───── DATA FOR THE TASK ─────

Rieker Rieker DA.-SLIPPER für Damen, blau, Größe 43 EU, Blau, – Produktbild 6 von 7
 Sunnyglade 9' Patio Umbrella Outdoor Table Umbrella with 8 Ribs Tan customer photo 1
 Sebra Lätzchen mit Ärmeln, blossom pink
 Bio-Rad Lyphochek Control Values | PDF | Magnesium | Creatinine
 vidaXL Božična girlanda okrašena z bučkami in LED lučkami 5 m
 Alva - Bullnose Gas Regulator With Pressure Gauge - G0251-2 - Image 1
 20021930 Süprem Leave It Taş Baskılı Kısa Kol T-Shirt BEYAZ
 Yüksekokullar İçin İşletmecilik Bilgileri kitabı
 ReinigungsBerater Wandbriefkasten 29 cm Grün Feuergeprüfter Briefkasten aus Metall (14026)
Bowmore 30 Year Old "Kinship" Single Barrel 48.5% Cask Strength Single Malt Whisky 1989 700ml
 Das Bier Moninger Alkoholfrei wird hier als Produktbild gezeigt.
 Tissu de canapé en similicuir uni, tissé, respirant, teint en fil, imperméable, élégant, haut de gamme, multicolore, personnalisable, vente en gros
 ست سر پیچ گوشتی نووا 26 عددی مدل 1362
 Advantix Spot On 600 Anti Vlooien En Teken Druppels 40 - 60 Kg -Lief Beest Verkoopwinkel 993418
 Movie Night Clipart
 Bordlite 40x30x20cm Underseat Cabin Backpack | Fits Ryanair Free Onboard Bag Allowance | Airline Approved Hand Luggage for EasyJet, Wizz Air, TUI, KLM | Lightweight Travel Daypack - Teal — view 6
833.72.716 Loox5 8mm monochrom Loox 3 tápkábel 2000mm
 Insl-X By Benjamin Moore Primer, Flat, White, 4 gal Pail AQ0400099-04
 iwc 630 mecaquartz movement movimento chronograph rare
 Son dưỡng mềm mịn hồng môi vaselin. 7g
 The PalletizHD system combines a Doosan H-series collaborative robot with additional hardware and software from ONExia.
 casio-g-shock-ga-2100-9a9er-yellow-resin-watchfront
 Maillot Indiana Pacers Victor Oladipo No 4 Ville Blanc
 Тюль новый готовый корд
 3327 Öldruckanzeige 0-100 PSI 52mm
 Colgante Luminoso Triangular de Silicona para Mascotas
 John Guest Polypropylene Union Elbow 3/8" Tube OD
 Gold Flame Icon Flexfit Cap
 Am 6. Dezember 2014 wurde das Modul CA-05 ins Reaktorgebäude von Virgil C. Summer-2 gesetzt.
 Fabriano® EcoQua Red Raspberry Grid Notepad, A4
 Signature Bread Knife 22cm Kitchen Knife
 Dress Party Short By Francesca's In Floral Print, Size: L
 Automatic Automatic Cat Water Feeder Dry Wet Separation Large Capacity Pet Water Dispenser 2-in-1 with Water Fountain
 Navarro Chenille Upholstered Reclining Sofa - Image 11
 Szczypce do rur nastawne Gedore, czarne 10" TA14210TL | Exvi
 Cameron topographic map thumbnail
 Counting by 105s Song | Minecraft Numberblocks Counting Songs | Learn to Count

─────

§ INSTRUCTIONS FOR THE TASK
Return exactly the lines from the beginning of the data above through the one containing "Sebra Lätzchen mit Ärmeln, blossom pink", please. Include both end lines and add nothing else.

§ EXPECTED ANSWER
Rieker Rieker DA.-SLIPPER für Damen, blau, Größe 43 EU, Blau, – Produktbild 6 von 7
 Sunnyglade 9' Patio Umbrella Outdoor Table Umbrella with 8 Ribs Tan customer photo 1
 Sebra Lätzchen mit Ärmeln, blossom pink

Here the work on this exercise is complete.